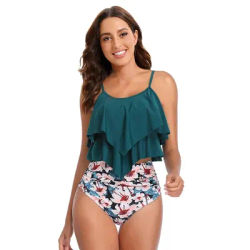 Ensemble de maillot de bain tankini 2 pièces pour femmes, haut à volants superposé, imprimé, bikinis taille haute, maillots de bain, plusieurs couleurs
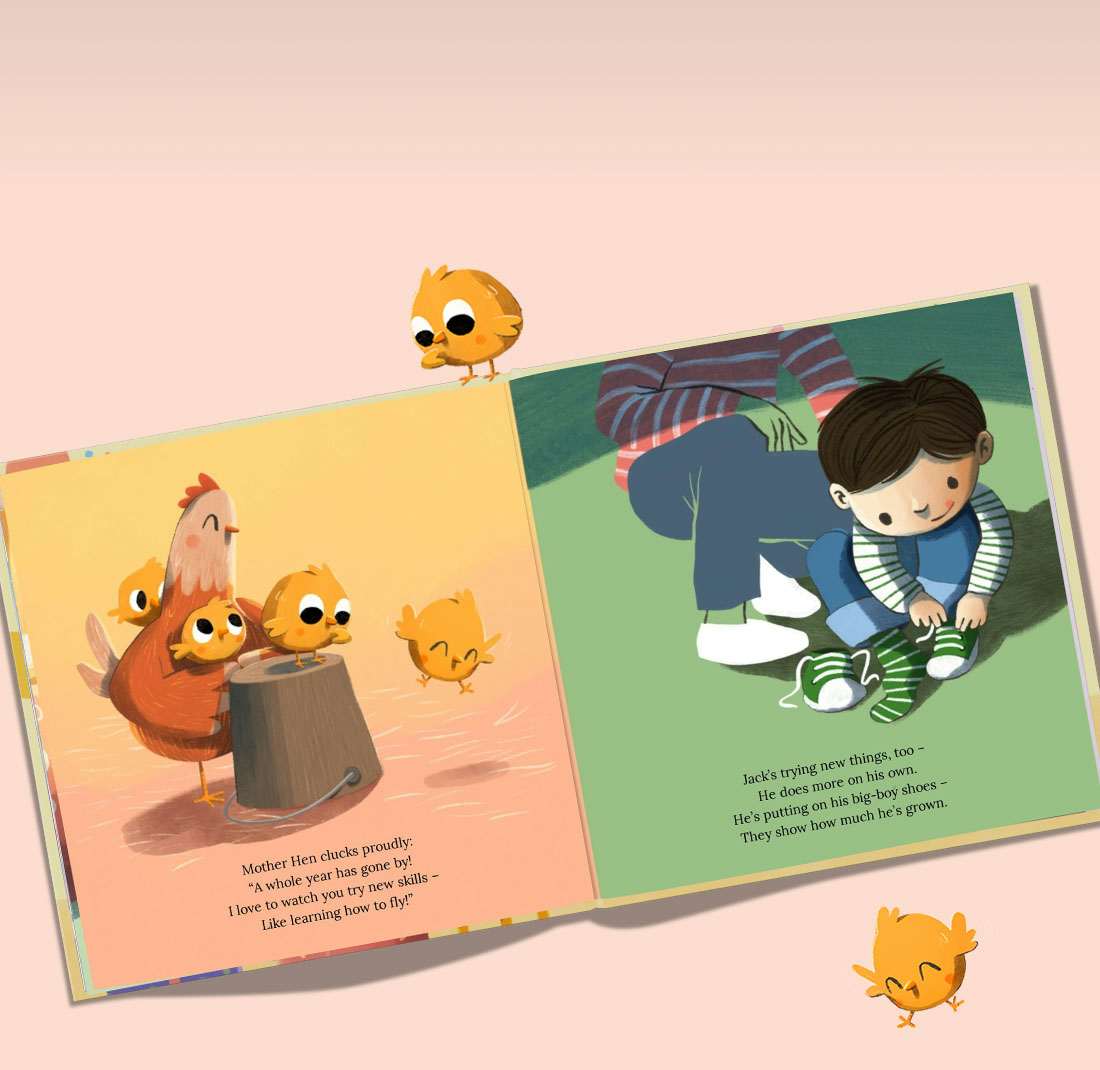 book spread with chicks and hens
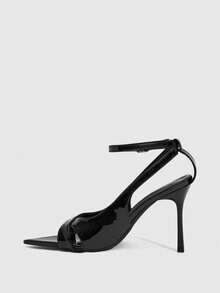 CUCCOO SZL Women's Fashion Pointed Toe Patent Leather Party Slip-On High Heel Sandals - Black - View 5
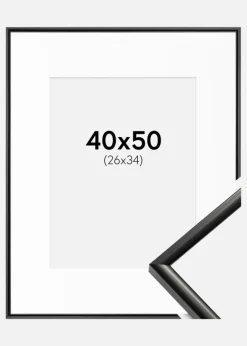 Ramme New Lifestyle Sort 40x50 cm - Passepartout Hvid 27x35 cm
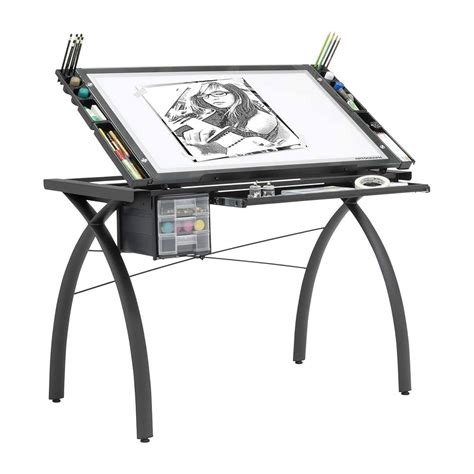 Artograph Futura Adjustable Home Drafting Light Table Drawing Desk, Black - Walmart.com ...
**********
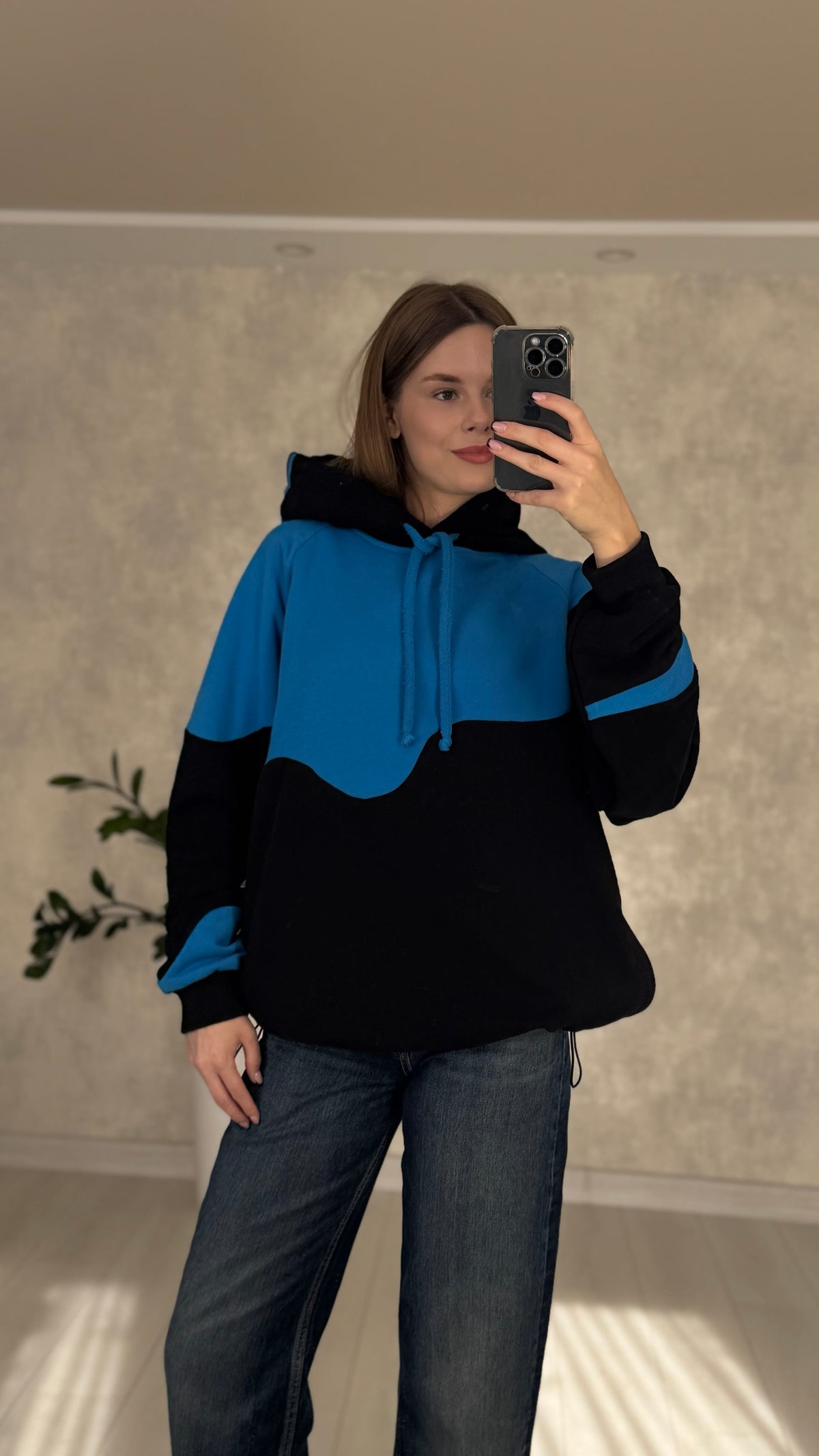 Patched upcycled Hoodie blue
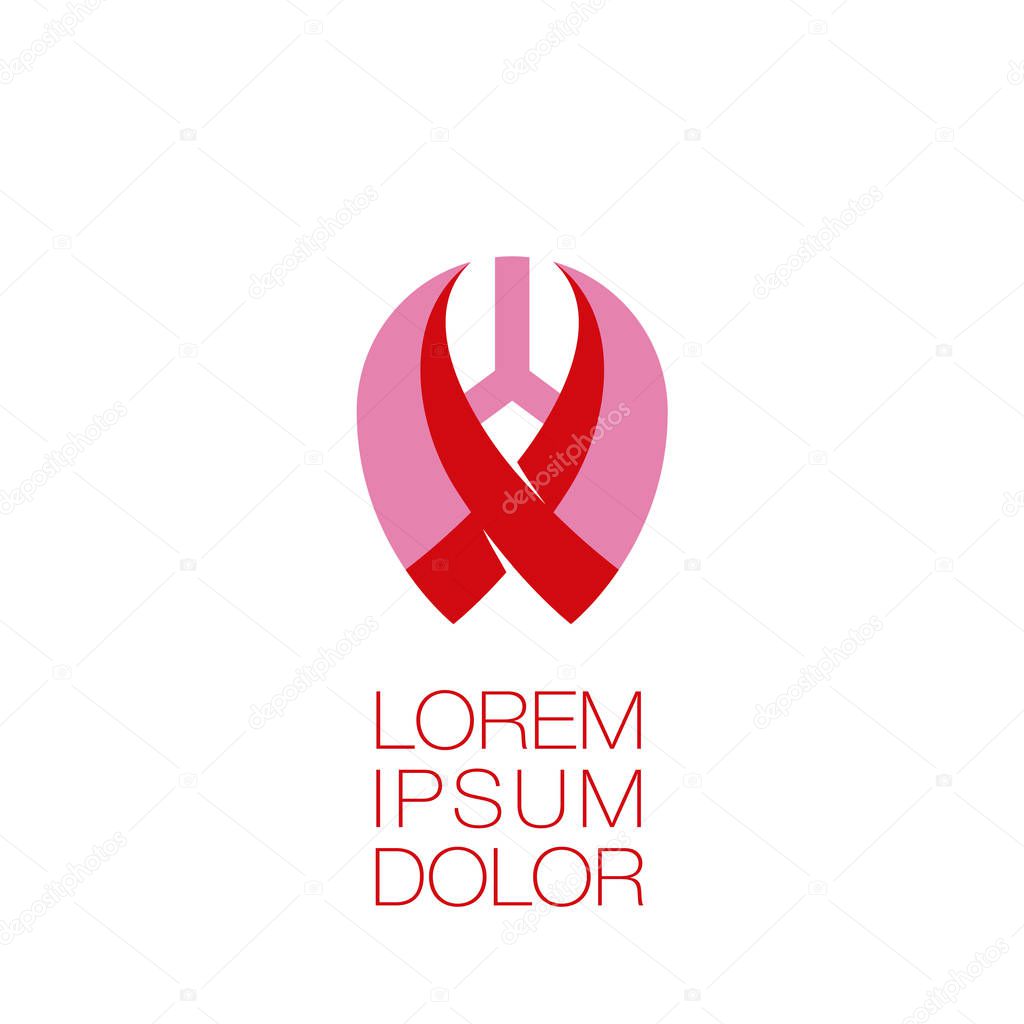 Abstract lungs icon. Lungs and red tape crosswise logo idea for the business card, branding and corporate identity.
**********
When copying from the data above, print only the lines from the line containing "CUCCOO SZL Women's" to the line containing "Artograph Futura Adjustable", exactly, and leave the pictures out.

 CUCCOO SZL Women's Fashion Pointed Toe Patent Leather Party Slip-On High Heel Sandals - Black - View 5
 Ramme New Lifestyle Sort 40x50 cm - Passepartout Hvid 27x35 cm
 Artograph Futura Adjustable Home Drafting Light Table Drawing Desk, Black - Walmart.com ...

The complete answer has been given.